It's every passenger's worst nightmare - the pilot is taken ill and you're left to fly the plane.
But that's exactly what happened to one woman, who found herself having to take control of a plane after the pilot, her husband, became incapacitated.
Despite having never flown an aircraft before, she managed to fly the plane through mountainous territory to safety, thanks to the guidance of another pilot in the area.
The Federal Aviation Administration released the audio and a transcript of the incident, which occured on a flight between California and Colorado.
'Have you ever flown an aircraft before?' asked the other pilot, who was in the area and was in radio contact with the woman. 'Do you have any experience?'
'No,' the woman replied.
The guiding pilot then instructed the woman on how to turn on the autopilot function and begin a controlled descent.

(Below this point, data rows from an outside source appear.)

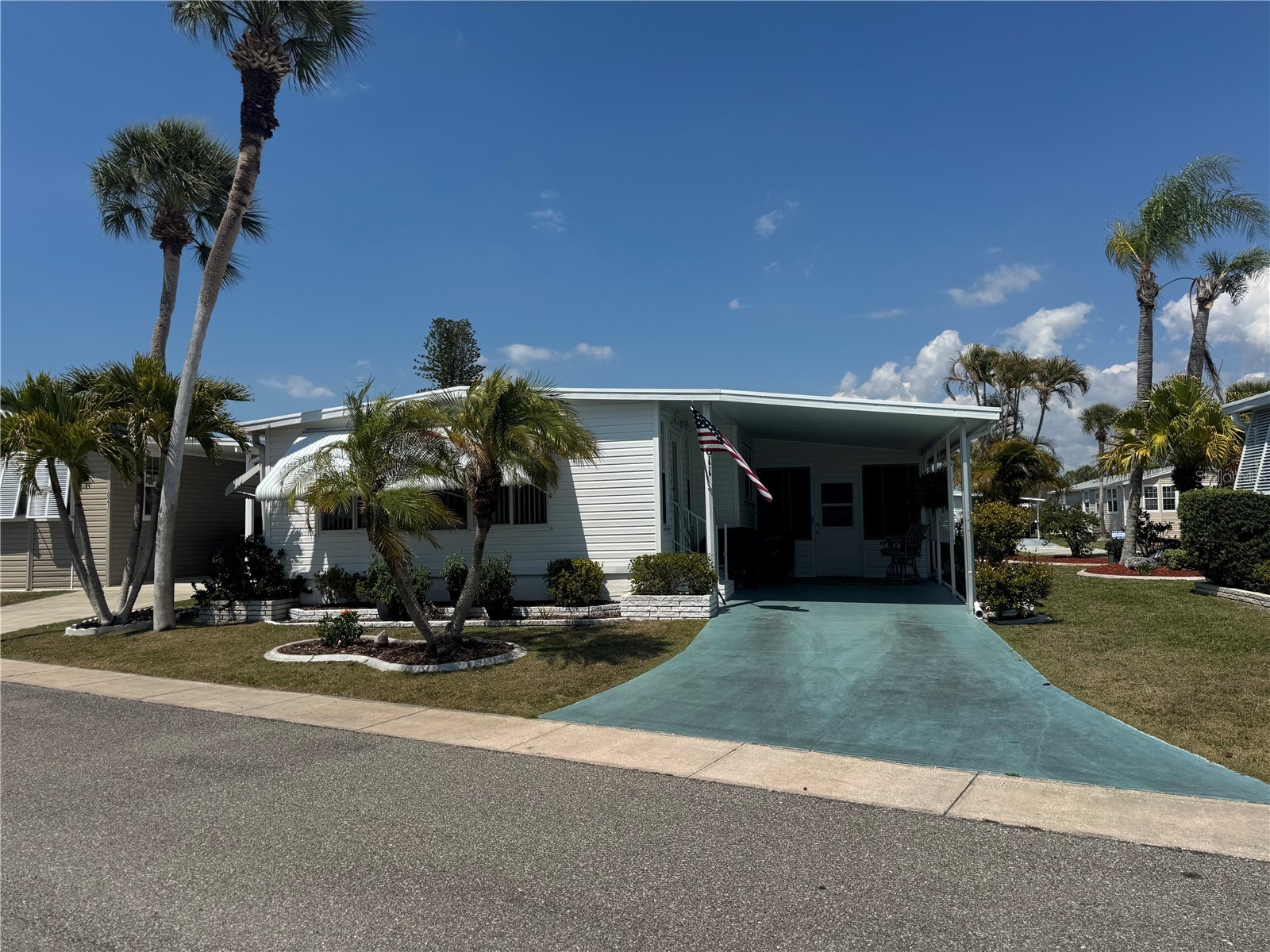 611 Iris Drive Venice FL 34293 N6143632 image1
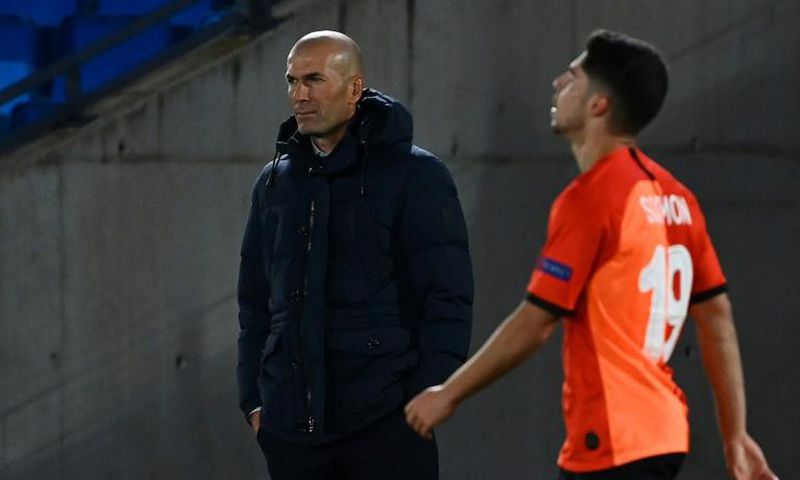 Zinedine Zidane will be feeling the pressure after his Real Madrid team lost 3-2 to Shakhtar Donetsk in the Champions League on Wednesday.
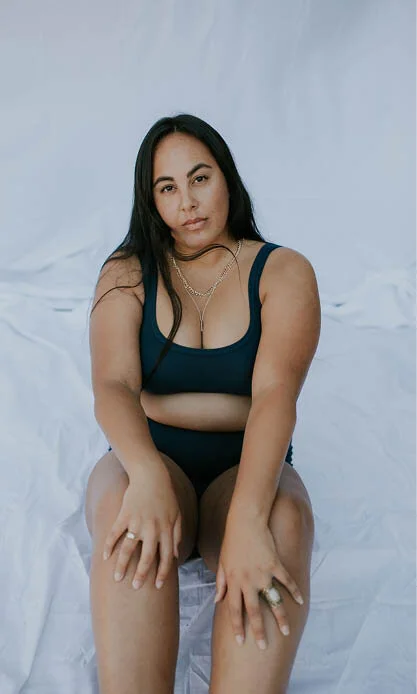 RUSHA HEIGHT 168 | BUST 105 | WAIST 89 | HIP 116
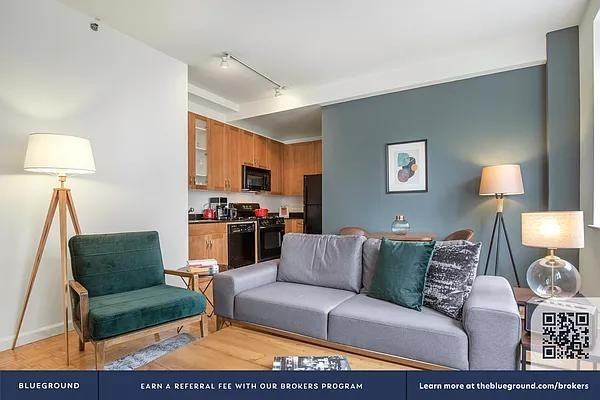 Wall St #1805 - Photo 3 of 8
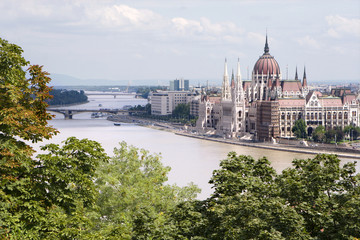 Fototapeta na wymiar parliament in Budapest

'Hang on, hang on. I'm trying to get him to put auto ... autopilot,' the woman said. 'I don't know how to do this.'
The FAA has not released the names of the pilot and the passenger, citing privacy concerns, and the specifics of the man's medical problem weren't available.
During a routine conversation earlier in the flight, an air traffic controller - Charlie Rohrer - noticed that the single-engine plane's 70-year-old pilot appeared to have difficulty breathing, KCNC reported. The woman said her husband was slurring his speech and was unable to push the buttons.
The plane began to make erratic maneuvers, and as Rohrer tried to get back in touch with the small plane, the pilot of another plane in the area - who was on the same radio frequency - offered assistance to Rohrer.
With his help, the woman eventually flipped on the autopilot function, though she already had directions for the emergency parachute in her lap, just in case.
At one point, the plane swerved away from its emergency landing route and headed toward the high terrain of the San Juan mountains in southwestern Colorado. Rohrer told the woman to turn away from the mountains.
Eventually the plane headed toward safer, lower terrain and began dropping in elevation. The woman said her husband was becoming more lucid.
The husband came on the radio and indicated he would continue his course to Colorado Springs. But Rohrer warned that, to do that, he would have to climb to 17,000 feet and risk becoming hypoxic again.
'OK, you're still not, uh, sounding like you're very coherent,' Rohrer said, suggesting he landed instead.
The plane eventually landed safely, without any injuries.